We chose Sylvia Sleigh’s The Turkish Bath (1973), which is a parody of the original by Ingres, because it contains six men casually lounging in the nude. We want to see if there is a difference between the perceptions of a large group of naked males, as opposed to one single naked male. In this painting Sleigh turns the tables from the original by presenting the nude male as an object of desire there to pleasure the viewing female, as opposed to the other way around. The painting is said to, “turn Freudian theory on its head as a feminist artist’s reappropriation of male scopophilic pleasure” (Mahon 205). Sleigh, though, has a, “tendency to transform all men into her personal image of beauty” (Walters 319).
Vanity (1984) by Eric Fischl is a part of our selection due to the subject’s placement in the outdoors. The female is sitting comfortable in the grass while reading a card that is covering her entire face. Because of these components of the composition we feel that the nude will be viewed in a different manner than if she were inside. This way she is in a more natural setting, perhaps making her nude body appear to be just as natural. The female appears to be very comfortable and because her face is being covered up, the spectator can feel just as comfortable looking at her focusing only on her body.
We decided that we should include a painting of a single female in a standing pose with her whole body open for the spectator to see. This is why we chose K (1999) by William Bailey. The image is plain and the female’s nudity is blunt and simple. We chose the image for its banality; there is nothing on the canvas except what is necessary. An image such as this allows the viewer to concentrate on the main subject, and that is just what we wanted. We needed an image in which one could focus entirely on the nude body, but not be distracted or persuaded by anything else in the composition.
We also chose a representation of solitary male nude. The painting is titled John J (1974), by Connie Greene. It is a strikingly casual painting that represents an entirely naked man sitting on a concrete wall with his dog, full smile on his face. It is a painting of a “real” person, instead of an idealized body.

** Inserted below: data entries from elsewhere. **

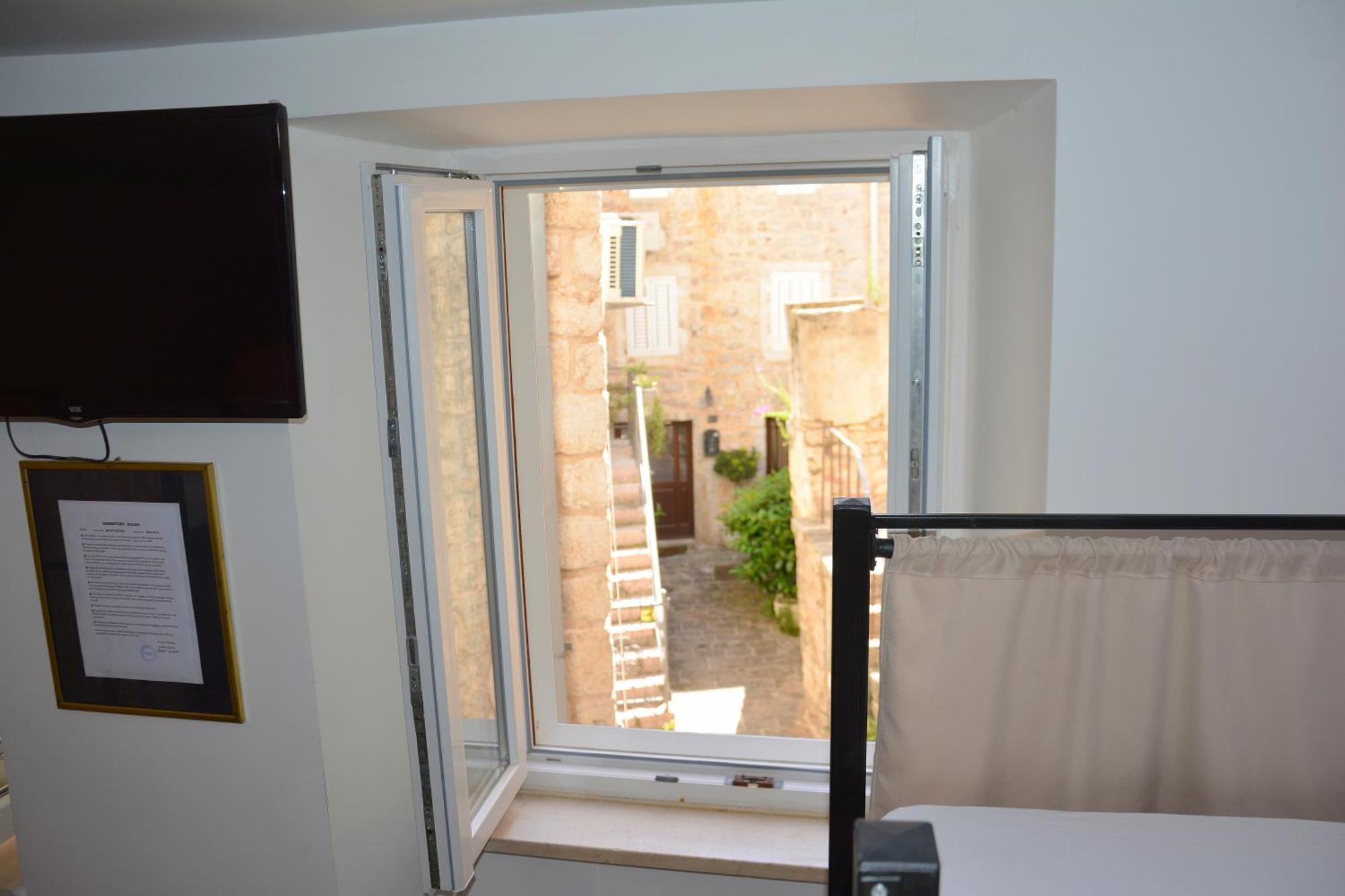 Montenegro Backpackers לינה וארוחת בוקר 2*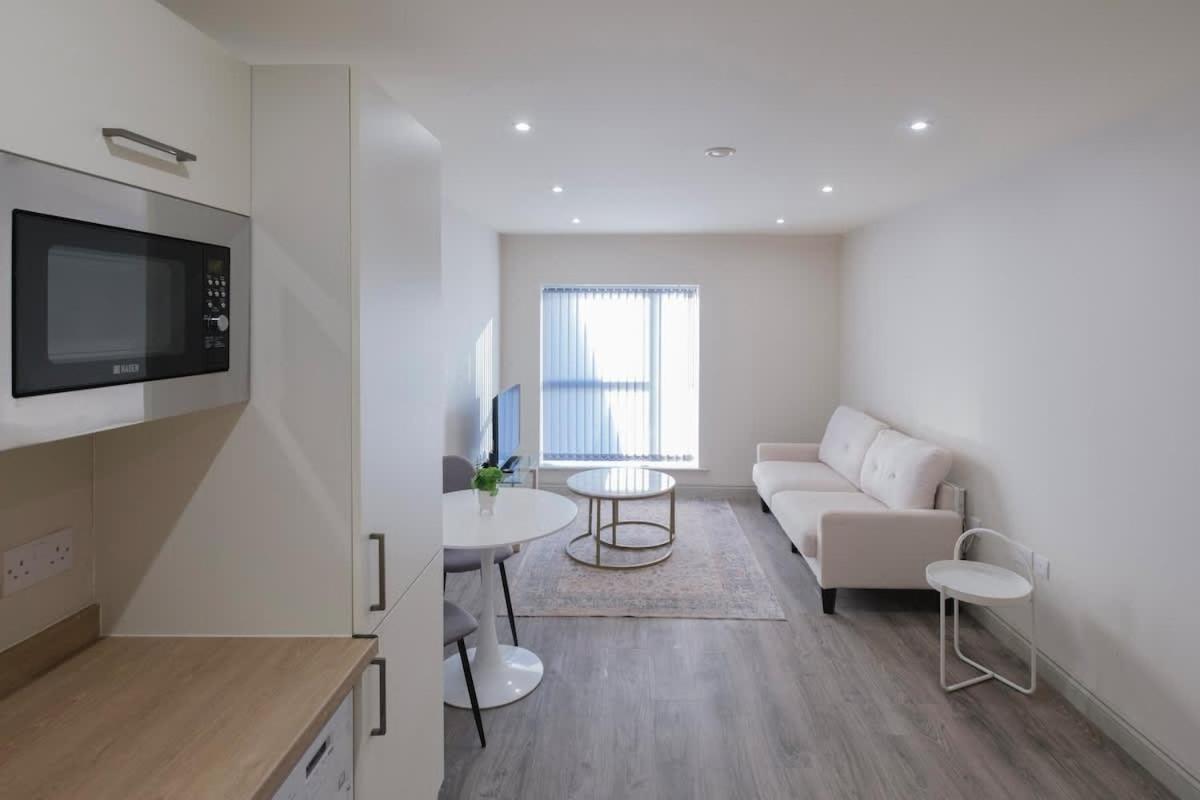 Charming 1-Bedroom Apartment In Leeds City Centre Perfect For Couples Or Solo Travelers Bagian luar foto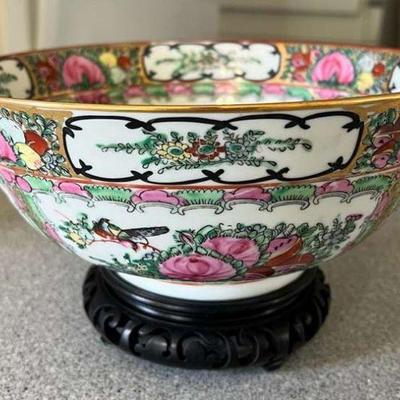 NVN195- Porcelain Rose Medallion Bowl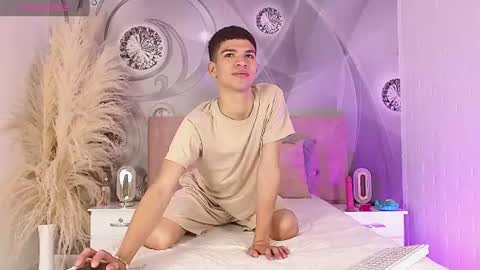 Snapshot of dilan_femboy_ chatting on August 4, 2:30 pm dilan_femboy_ online show from August 4, 2:30 pm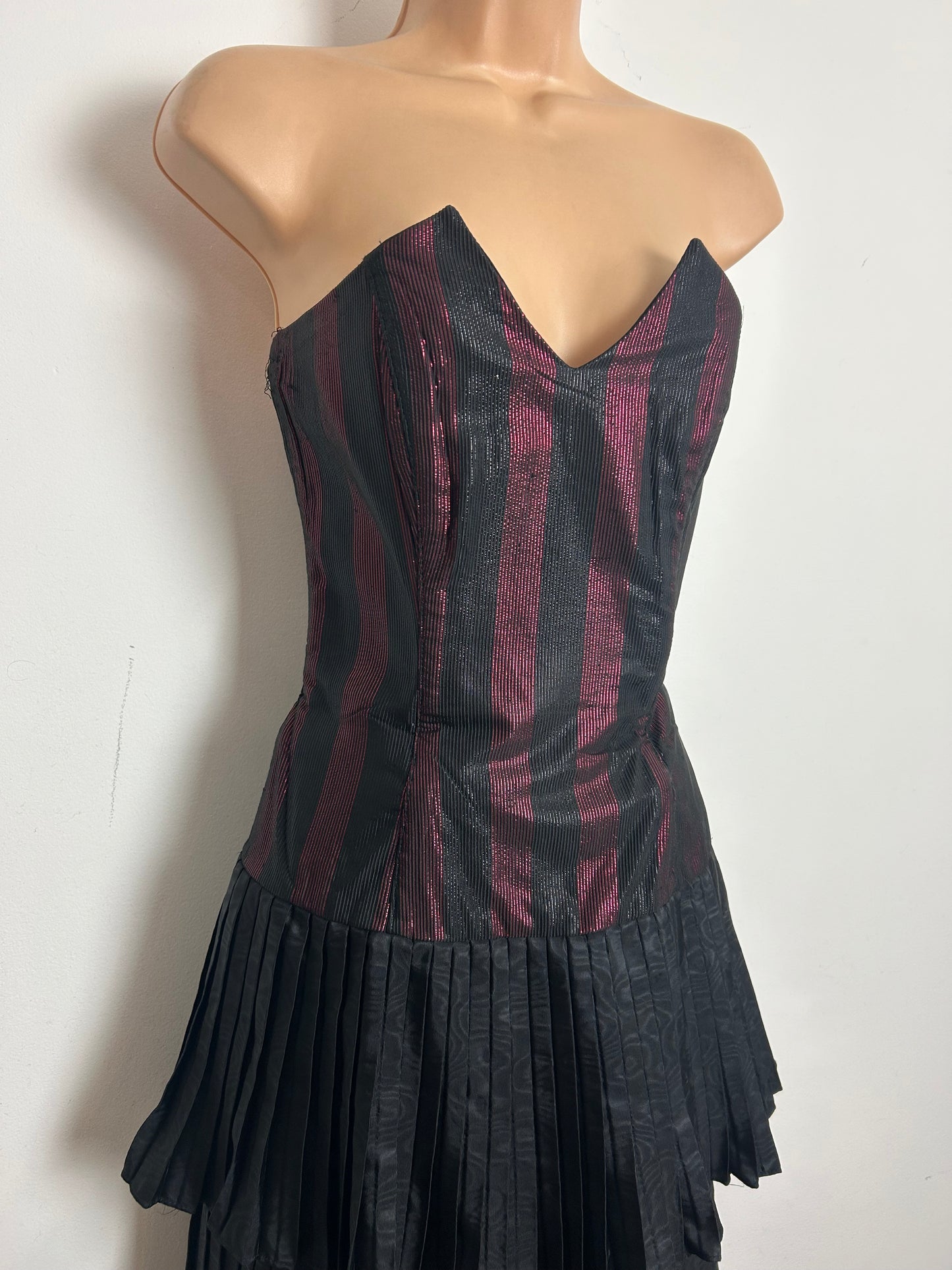 Vintage 1980s Size 8 Black & Metallic Pink Strapless Pleated Double Layer Party Prom Dress
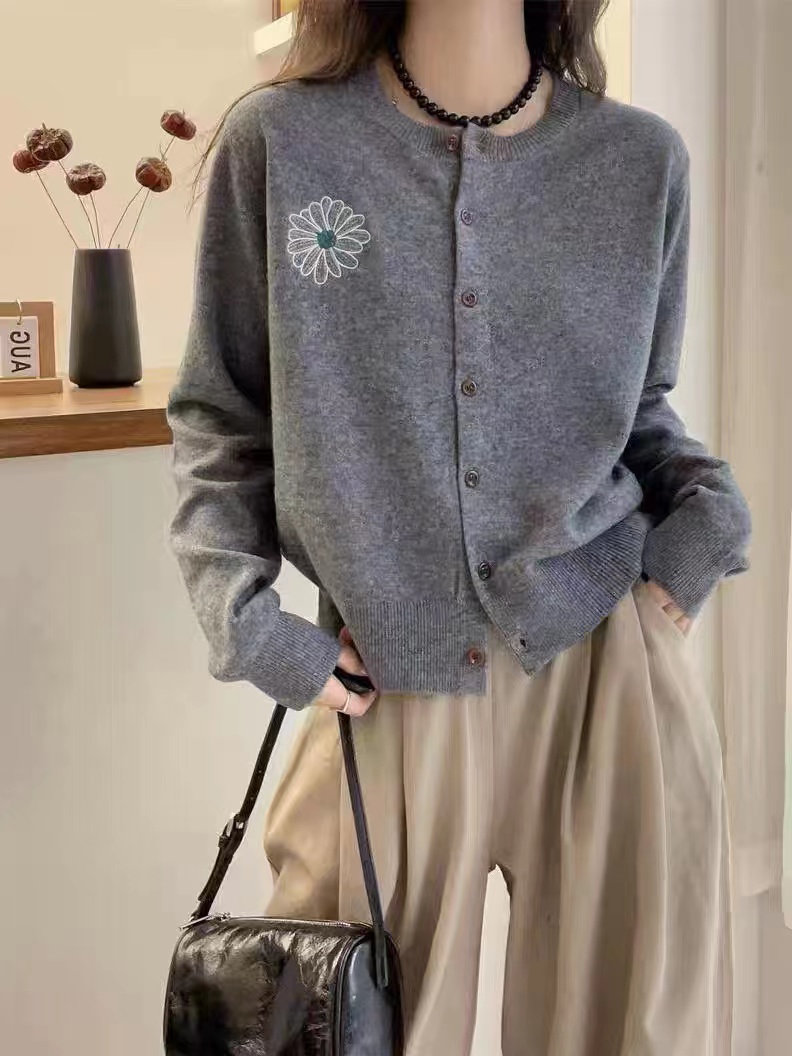 雛菊刺繡針織開衫女秋季外搭安可雷穿搭韓系軟糯毛衣外套上衣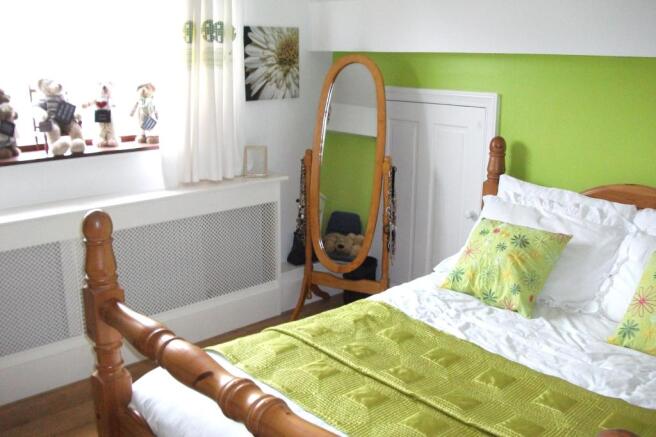 BEDROOM 4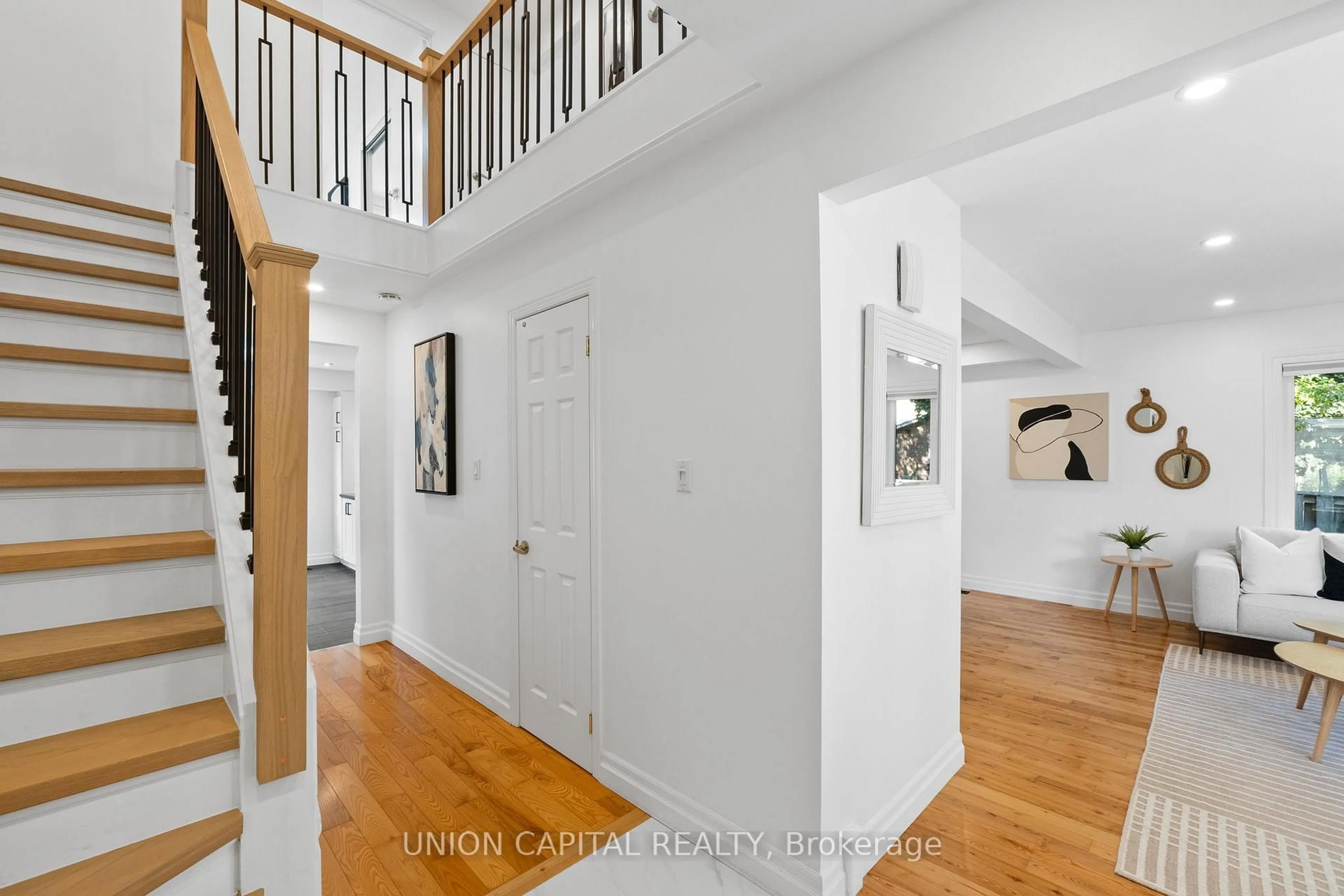 Indoor entryway for 6305 Kindree Circ, Mississauga Ontario L5N 3B9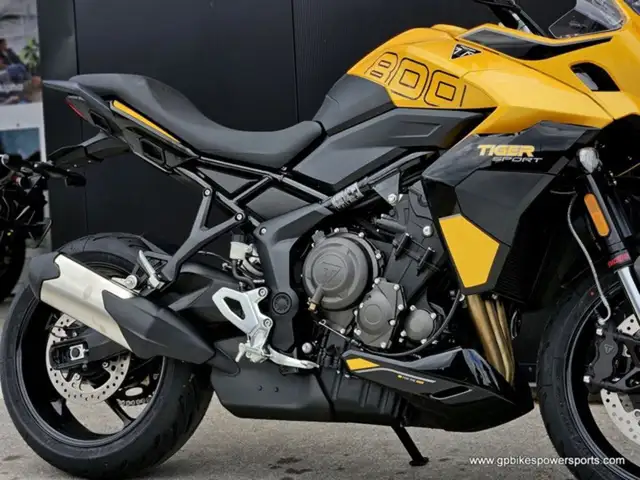 2026 Triumph Tiger Sport 800 Cosmic YellowSapphire Black in Street, Cruisers & Choppers in Oshawa / Durham Region - Image 11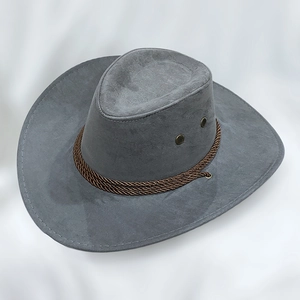 Vue détaillée d'un chapeau de cowboy gris avec ruban tressé marron et bord piqué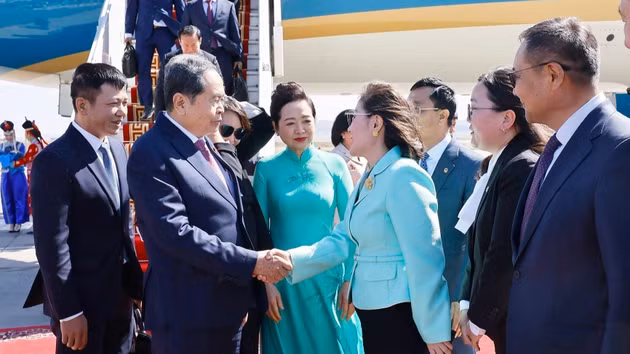 In pictures: National Assembly President arrives in Mongolia for official visit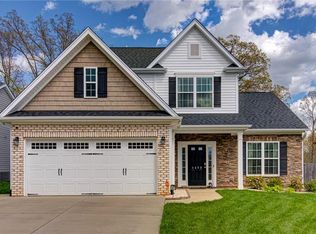 1472 Land Grove Dr, Kernersville, NC 27284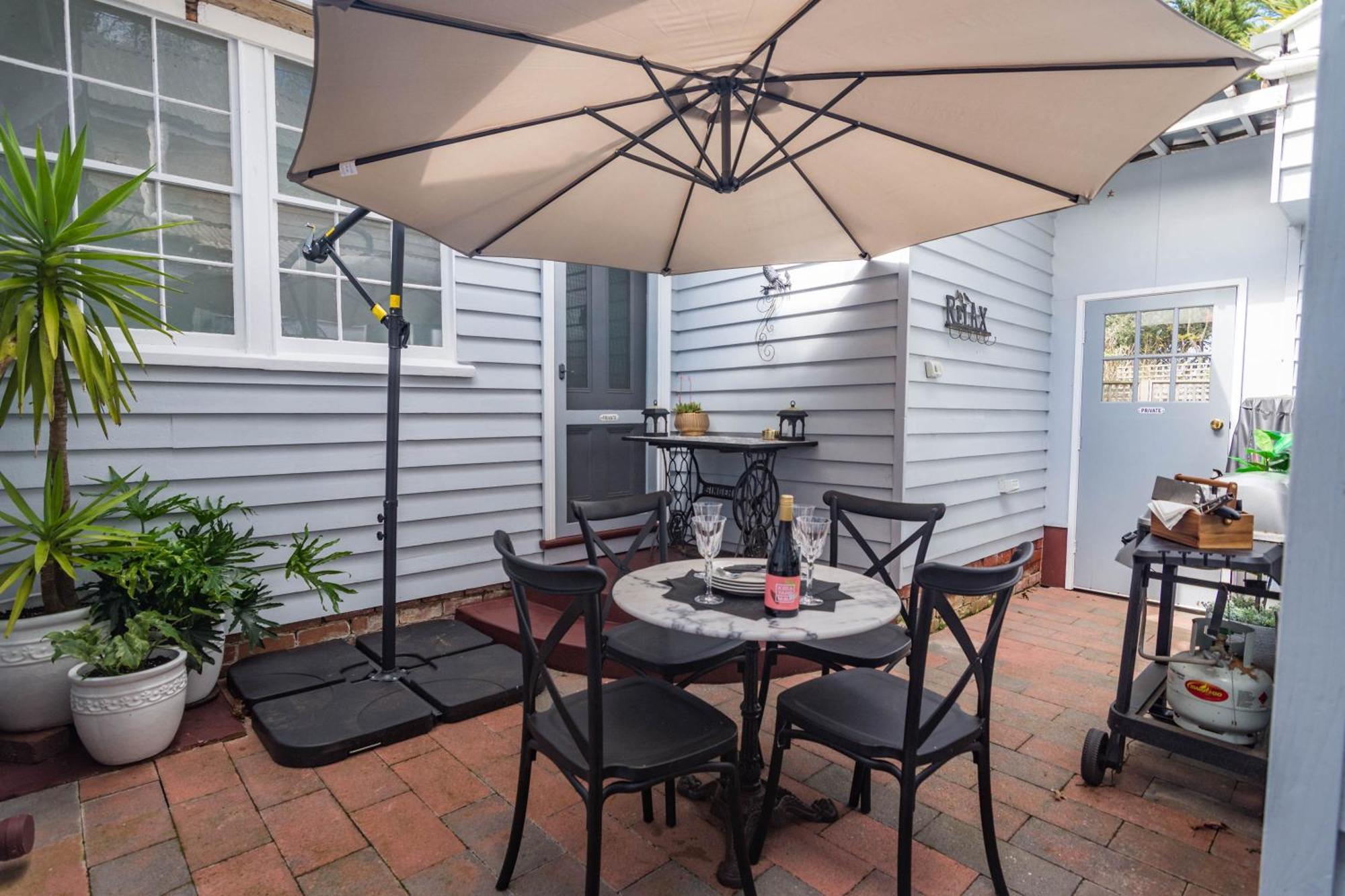 Heytesbury House Bed & Breakfast Cobden Exterior photo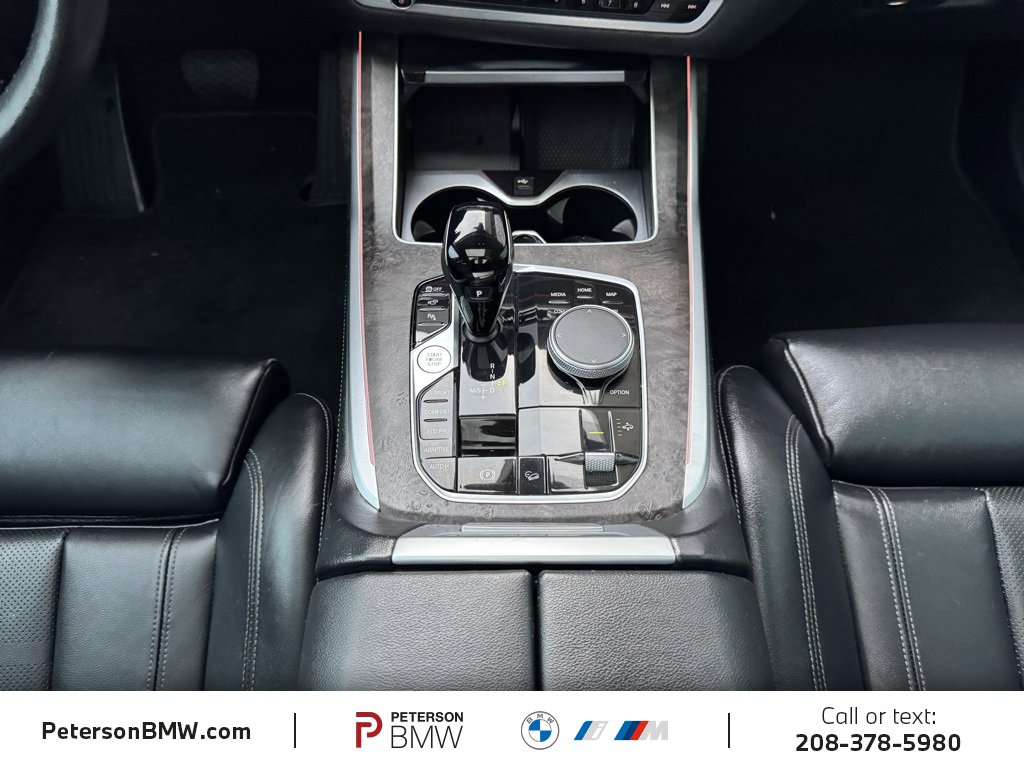 Used 2022 BMW X7 xDrive40i w/ Premium Package image 12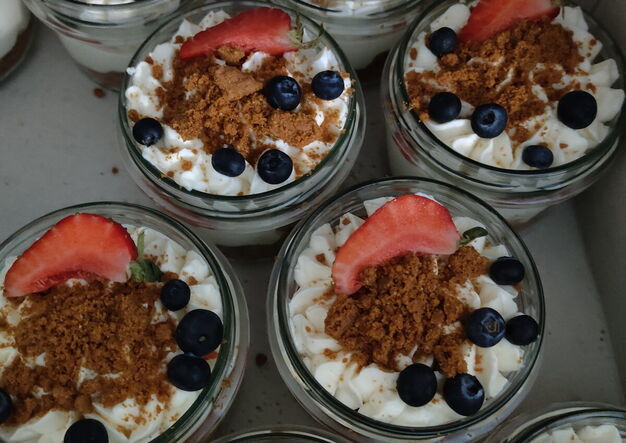 kavárna-skleničky-dortíky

It appears to be someone that you might actually meet, unlike an idealized representation of a nude man like The Shepard Paris. It is striking to look at because his genitals are as distinctive as his face. This is one that we included because of they way it poses such a comfortable appearance along with nudity.
Women Undressing (2002) is by Julian Opie, an artist who intends for his figures to be universal symbols for the things they depict. About his paintings, “Opie’s nudes are about as personal as the men/women icons on bathroom doors, but given that, thery’re remarkably expressive” (Valdez 159). It’s important to notice that the head is a perfect circle not even attached to the body and the female is reduced to a simple symbol. We choose this particular image because of the female’s reduction to a symbol. This alludes to a story about turkeys in Robert Wright’s book The Moral Animal in which he describes the act of turkey’s attempting to copulate with anything that even resembles another turkey, even if it’s just something as simple as a wooden stick. This sounds silly, but in a way humans do the same thing with two-dimensional images. And that is why this image is so important to include, because not only is it two-dimensional (like the rest of them), but also so simple in form that it is reduced to a mere symbol, yet we hypothesize that it will still be viewed as highly sexual by our spectators.
Our survey will consist of a number of both quantitative and qualitative questions. We will begin with basic demographic questions on the subject’s: age, gender, geographical origins, educational background, religious beliefs, and how these beliefs affect moral judgments. Following the question on background information, the respondent will be shown the series of nine images. After each image, the subjects will rate both the sexual quality of the painting and the artistic/beautiful quality of the painting. The rating scale will be from 1-5, 1 being low and 5 being high. Subjects will then be offered a word bank including words like sensual, taboo, seductive, elegant, flowing, and delicate. From these words, the respondent will be asked to describe the image by circling words from the list. They may circle any number of words they choose, and the lists will be consistent through all of the images.
The next section of the survey will consist of questions about the respondent’s familiarity with art and a number of qualitative questions. To determine the level of exposure to art, we will ask the subject’s exposure to art, art classes, and art museums. Based on the responses to the questions, the respondents will be separated in three groups: highly exposed, somewhat exposed, and slightly exposed. The last section of qualitative question will be used to investigate the subject’s beliefs, opinions, and definitions of art, beauty, sexuality and nudity. Then they will be asked their opinion on what makes a work of art beautiful, what makes an image sexual, what makes an image pornographic, whether or not they feel that naked body is something to be ashamed of, and the last question will ask how much of an influence the respondent feels sex or sexuality has on how they actively view the world?
We will work as a team to agree upon images and plan the organization of the surveys. We will also analyze the complied data and construct the paper as a group. We plan to pick a final set of images and write our survey during the week of February 21st through the 24th. By March 27th we hope to have all of our outside research of past works finished. We are aiming to have finished fifty surveys by April 7th. After all research is conducted we plan to construct a book of the images used to initiate others’ inquires into the subject.


Results

Because our study offered a large number of variables and possible correlations, we performed multiple comparisons and tests on different sections of our data to sufficiently answer all of our original hypothesis questions. This first chart (below) offers a visual representation of the average ratings given to each image on the main categories of the sexual quality of the painting, listed first for each image, and the artistic or aesthetic quality which is listed second for each image. Both categories are based on the 5 point scale on which they were rated by the respondents.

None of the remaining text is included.